For the detailed evaluation, 27 datasets have been selected. These datasets include 17 monthly datasets, 5 seasonal (3-monthly) datasets, and 5 annual datasets.

For the monthly and seasonal datasets, the QFA parameters are initiated from the findings of preliminary evaluation as (60, 0) and (60, 1) respectively. By linear interpolation, the initial parameters for the annual datasets are selected as (60, 6). As with the optimization carried out on the monthly datasets in the preliminary evaluation, this chapter optimizes the parameters for the seasonal and annual datasets.

The QFA was executed using the SAS code. Both the simple historic average and the median were computed within Microsoft Excel spreadsheets. All the comparison of results between the algorithms and the expert benchmarks, including plotting of graphs, were also performed in Microsoft Excel spreadsheets.

7.3 Optimization of QFA Parameters

For the monthly datasets, no further optimization was performed. The parameter values recommended from the preliminary evaluation (60, 0) were used mainly. However four of the seventeen monthly datasets (datasets 21, 23, 24 and 27) did not converge for these parameter values. Therefore, the parameter value combination of (80, 0) was used for these datasets.

For both the seasonal and the annual datasets, optimal parameter value selection based on t-tests was not feasible, since only 5 datasets were evaluated. The main purpose of the particular values selected in this study is to provide a broad guideline and initial parameter selection for several different datasets.

Parameter values for the five seasonal (3-monthly) datasets were optimized in the same manner as described in the previous chapter. In addition to (60, 1), the following three parameter value combinations were evaluated in detail: (40, 1), (40, 2), and (60, 2). Dataset 14 did not converge for (40, 2). LNCW was highest for all the datasets, for (60, 1). And the SDN was lowest for all the datasets, for (40, 2). SDN and AD for all the datasets were comparable for (40, 1) and (15, 2). However, LNCW for (40, 1) was consistently smaller for (40, 1) than (60, 2). For these reasons, the parameter value combination (40, 1) is selected in this study for the seasonal datasets.

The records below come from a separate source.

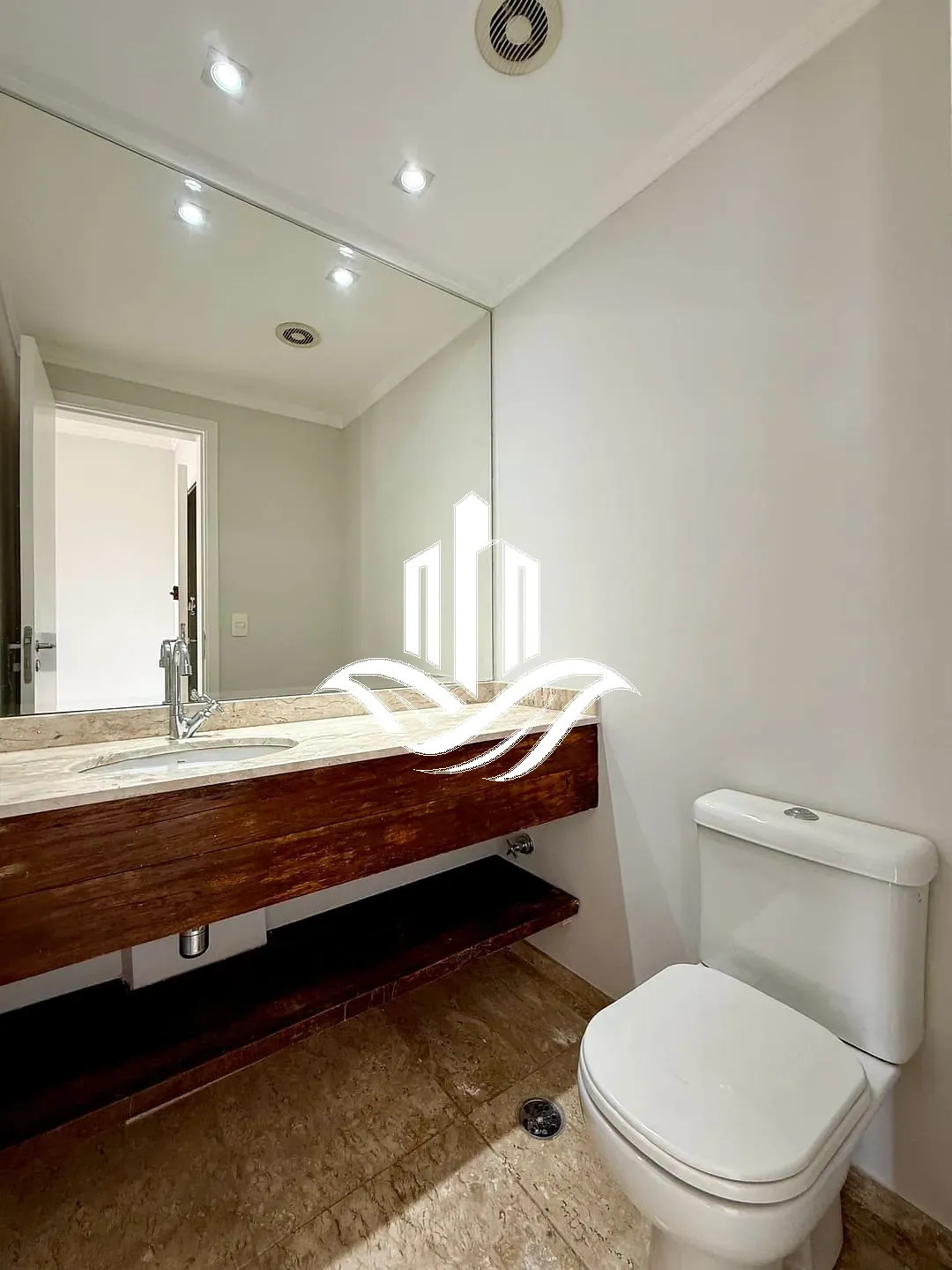 Apartamento, 3 quartos, 148 m² - Foto 10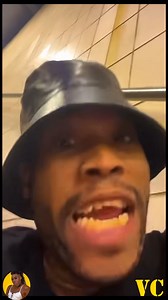 128K views · 1.4K reactions | Shamar discussing how his promos work.  | Shamar VC | Facebook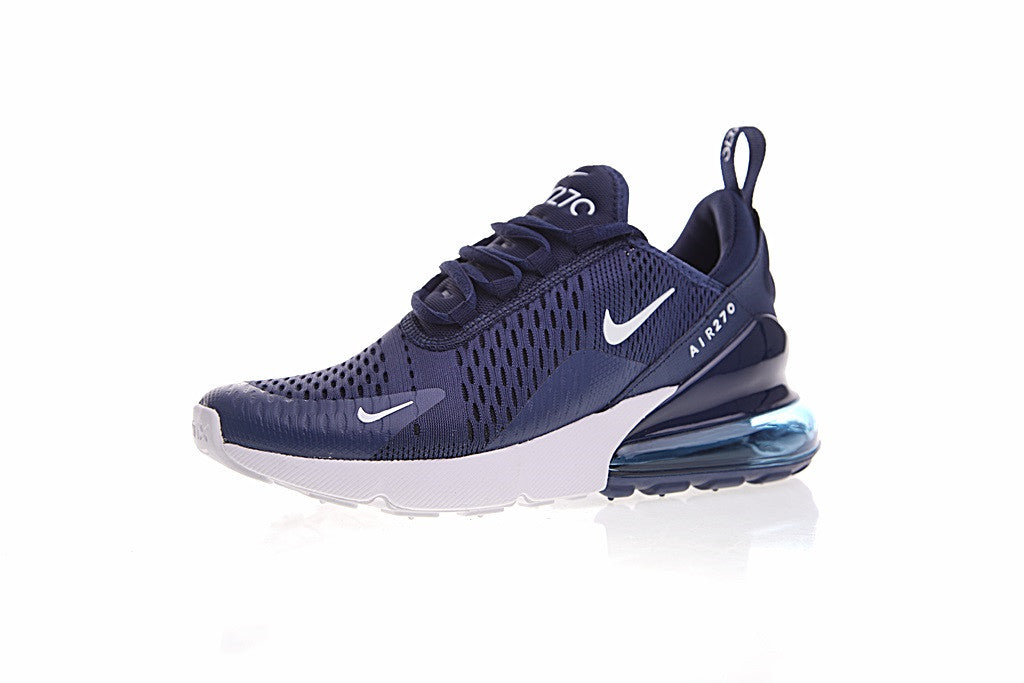 Air Max 270 - whatever on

For annual datasets, comprising 1 full year of data, parameter optimization was carried out in the same manner as for the seasonal datasets. Beyond the parameter value combination of (60, 6) explained above, several other parameter value combinations were evaluated, towards optimization. The other parameter values evaluated were: Q= (40 and 60), and FI = (2, 4, 6, 8, and 10). Of these 10 combinations evaluated, (60, 8) is selected for the current study, because of its yielding of higher AD, smaller LNCW and higher SDN values.

7.4 Evaluation Results

As explained in section 3.4.2, the normal traffic pattern identified by each algorithm, for each dataset, is individually compared to the benchmark established by each expert. Then the following two error statistics are computed: Mean Absolute Error (MAE) and Mean Absolute Percentage Error (MAPE), for three periods of the day: the entire day, the AM peak period and the PM peak period. Graphs of these error metrics are presented here in Figures 7-1 to 7-9.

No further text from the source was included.